(Data for analysis begins)
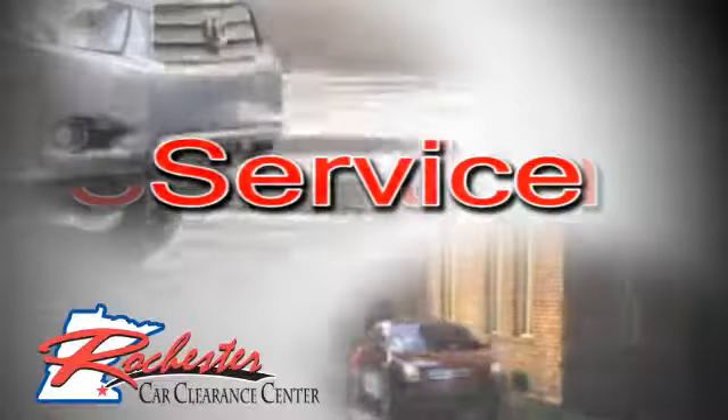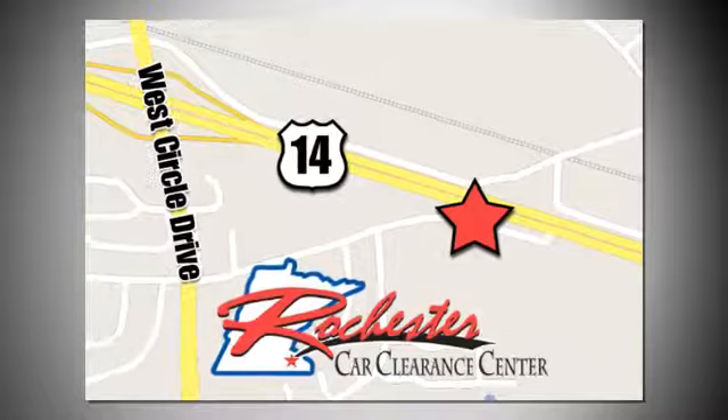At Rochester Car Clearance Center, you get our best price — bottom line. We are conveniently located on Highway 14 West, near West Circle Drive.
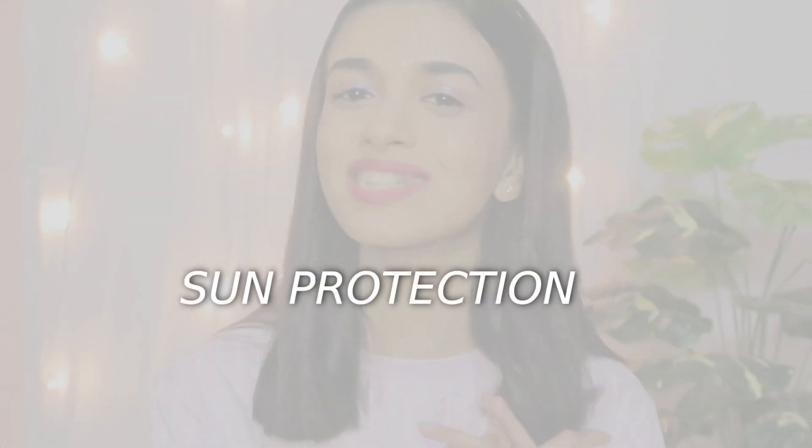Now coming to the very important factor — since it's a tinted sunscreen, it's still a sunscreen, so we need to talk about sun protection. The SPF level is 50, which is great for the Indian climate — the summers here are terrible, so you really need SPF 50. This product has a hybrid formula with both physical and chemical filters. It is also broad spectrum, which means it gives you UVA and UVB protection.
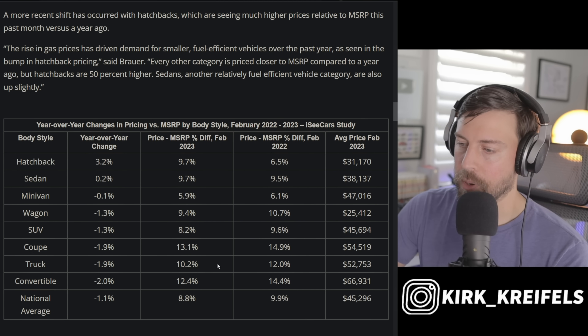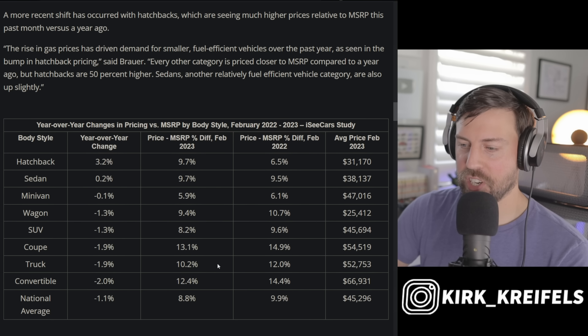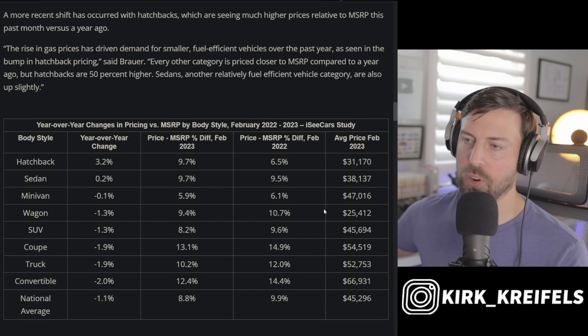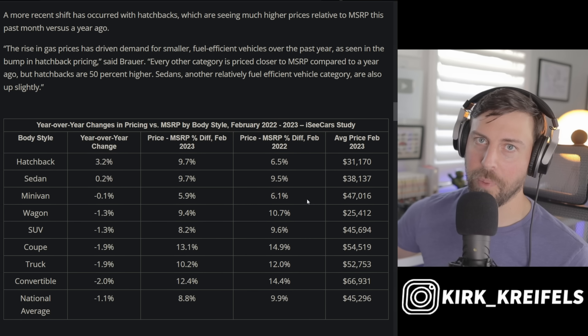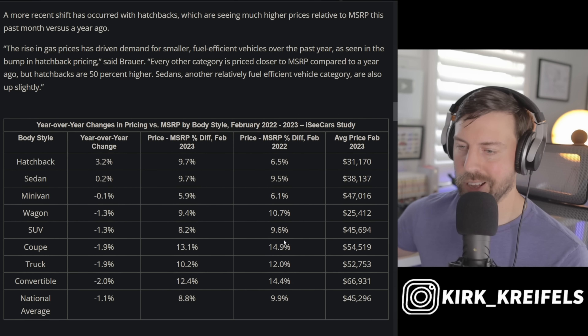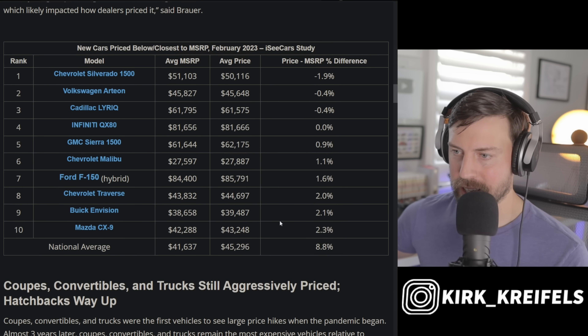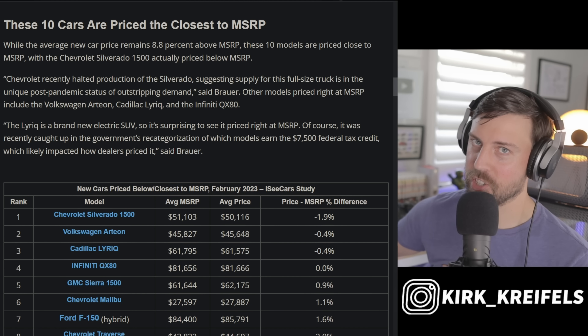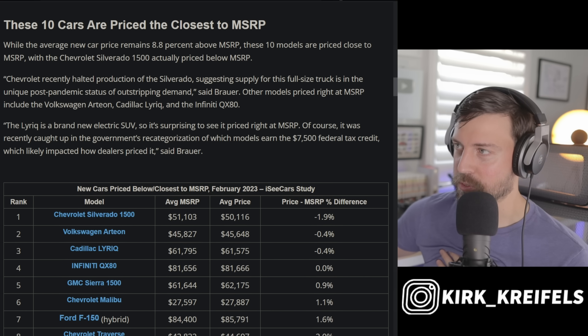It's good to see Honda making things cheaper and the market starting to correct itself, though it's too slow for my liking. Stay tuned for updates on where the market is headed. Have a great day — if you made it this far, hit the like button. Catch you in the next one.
(Data for analysis ends)
(Data for analysis begins)
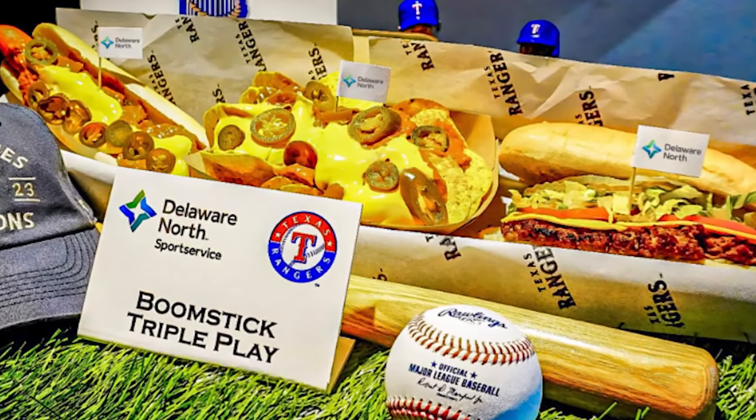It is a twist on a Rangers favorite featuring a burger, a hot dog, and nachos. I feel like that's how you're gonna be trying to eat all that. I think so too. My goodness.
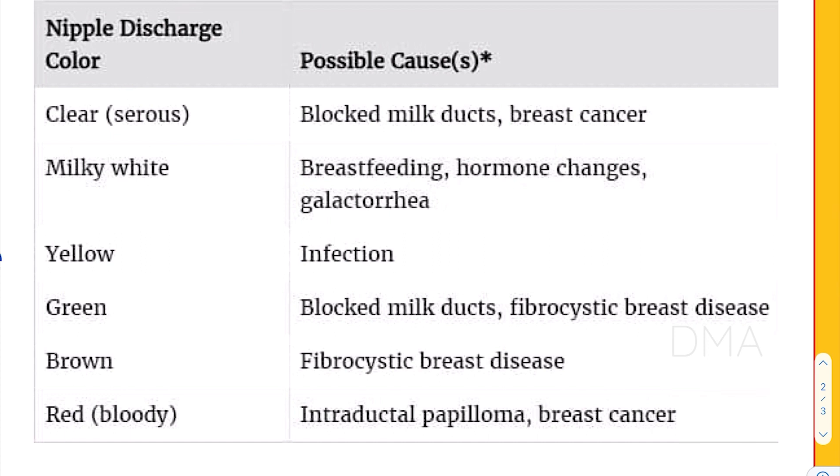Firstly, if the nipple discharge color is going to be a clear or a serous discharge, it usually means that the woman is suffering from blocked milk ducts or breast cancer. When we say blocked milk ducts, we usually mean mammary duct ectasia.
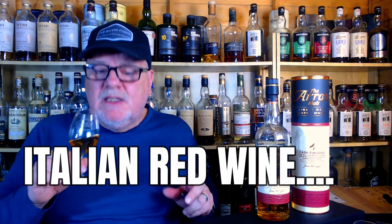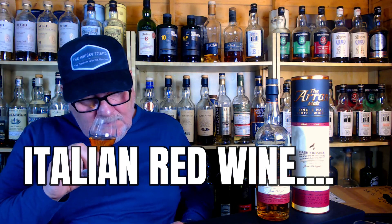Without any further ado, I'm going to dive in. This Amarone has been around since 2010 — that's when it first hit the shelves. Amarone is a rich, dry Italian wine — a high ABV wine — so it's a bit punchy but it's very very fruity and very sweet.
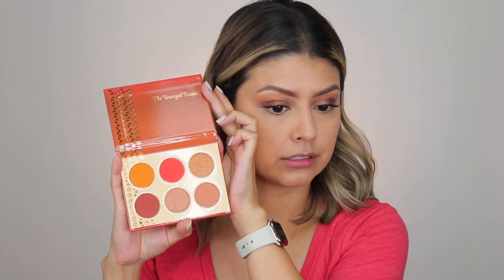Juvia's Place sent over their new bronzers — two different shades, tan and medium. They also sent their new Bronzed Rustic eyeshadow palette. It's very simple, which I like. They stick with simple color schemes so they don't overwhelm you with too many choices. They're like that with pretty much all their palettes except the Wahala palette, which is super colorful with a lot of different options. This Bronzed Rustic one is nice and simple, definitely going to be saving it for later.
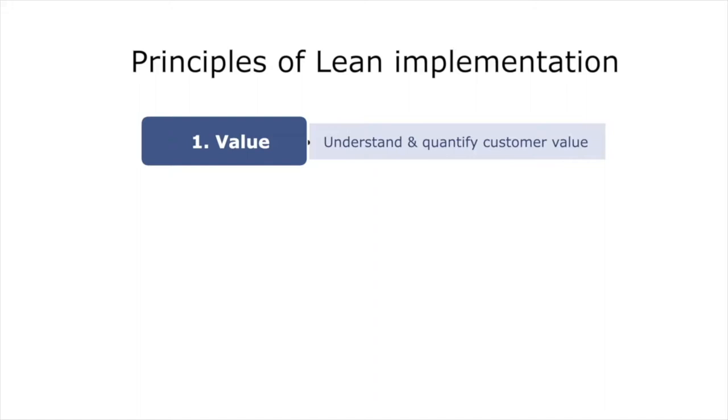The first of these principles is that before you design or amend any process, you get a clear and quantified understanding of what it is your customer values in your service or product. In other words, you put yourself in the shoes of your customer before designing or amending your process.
(Data for analysis ends)
(Data for analysis begins)
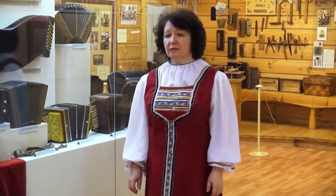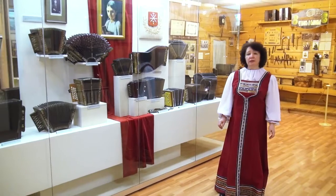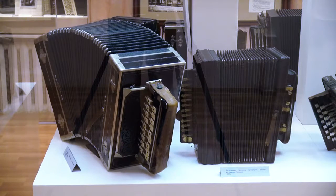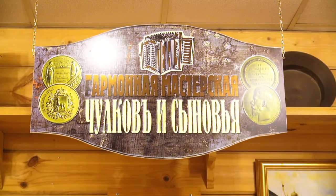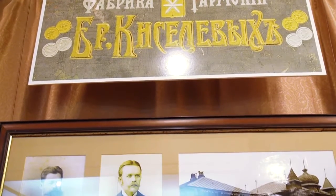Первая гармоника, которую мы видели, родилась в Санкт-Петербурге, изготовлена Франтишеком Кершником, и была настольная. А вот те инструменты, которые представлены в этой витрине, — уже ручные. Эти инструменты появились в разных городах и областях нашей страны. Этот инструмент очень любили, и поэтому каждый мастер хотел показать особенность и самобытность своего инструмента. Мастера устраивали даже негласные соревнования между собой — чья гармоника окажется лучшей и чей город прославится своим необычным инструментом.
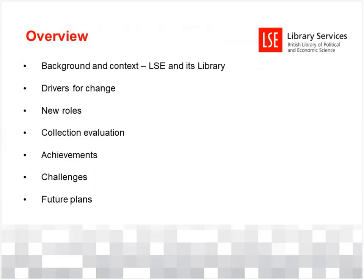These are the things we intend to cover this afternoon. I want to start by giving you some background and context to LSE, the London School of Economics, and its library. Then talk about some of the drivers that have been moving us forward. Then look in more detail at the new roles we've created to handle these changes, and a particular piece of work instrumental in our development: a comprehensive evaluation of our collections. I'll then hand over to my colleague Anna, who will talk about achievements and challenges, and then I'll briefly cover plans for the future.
(Data for analysis ends)
Print, word for word, the lines above that run from the line containing "It is a twist" to the line containing "Without any further", both included. Keep the pictures out.

● Answer section:
It is a twist on a Rangers favorite featuring a burger, a hot dog, and nachos. I feel like that's how you're gonna be trying to eat all that. I think so too. My goodness.
Firstly, if the nipple discharge color is going to be a clear or a serous discharge, it usually means that the woman is suffering from blocked milk ducts or breast cancer. When we say blocked milk ducts, we usually mean mammary duct ectasia.
Without any further ado, I'm going to dive in. This Amarone has been around since 2010 — that's when it first hit the shelves. Amarone is a rich, dry Italian wine — a high ABV wine — so it's a bit punchy but it's very very fruity and very sweet.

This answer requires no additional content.